Insistons : un mioche s’accompagne d’une facture, ce qui n’est pas une révélation pour la plupart des parents. Pour les autres que ça rend mal à l’aise, je vous rassure, il n’y a rien là pour ternir l’amour parental.
Mais voilà, au Québec, cette facture est assumée plus ou moins par l’ensemble des Québécois, c’est l’angle un peu provocateur que j’ai choisi pour rapporter le contenu d’une étude au titre qui appelle la sieste d’après-midi : Familles et fiscalité au Québec, le point après 25 ans de politique familiale. Ils sont bons et prolifiques les chercheurs de la Chaire en fiscalité et en finances publiques de l’université de Sherbrooke, mais pour ce qui est de frapper fort avec les mots, ils sont plus timides.

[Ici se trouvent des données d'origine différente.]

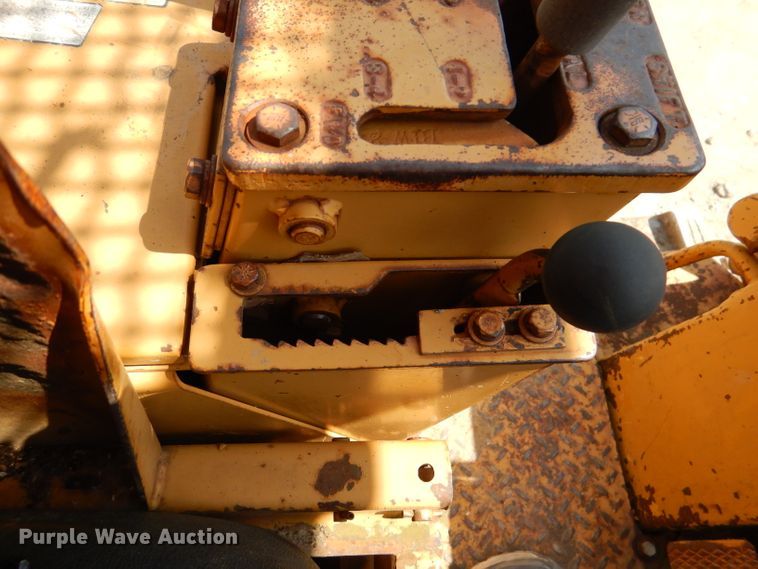 image for item DM0022 Dresser 175C  track loader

Que nous raconte l’étude? Elle avance des chiffres sur le coût des enfants, ce qui n’est pas rien. Elle évalue surtout le soutien financier accordé aux familles par les gouvernements. Elle n’explore pas tous les cas de figure possibles, elle se limite aux ménages comptant deux parents et deux enfants et aux familles monoparentales avec enfant unique.
Combien coûte un enfant
Évidemment, la facture que représente un bout de chou de sa naissance à sa majorité variera d’un ménage à l’autre. Pour une famille, évaluer exactement ce qui lui en coûte reste un défi.
Aux fins de leur enquête, les chercheurs ont dû quand même proposer un montant. Ils se sont basés sur diverses méthodes de calcul : l’écart des dépenses entre différents types de ménage (avec et sans enfants); la rétribution des familles d’accueil; la fixation des pensions alimentaires.
En général, le coût d’un enfant augmente avec l’âge et avec les revenus des parents. Un deuxième et un troisième enfant pèsent moins lourd financièrement que le premier en raison d’une économie d’échelle.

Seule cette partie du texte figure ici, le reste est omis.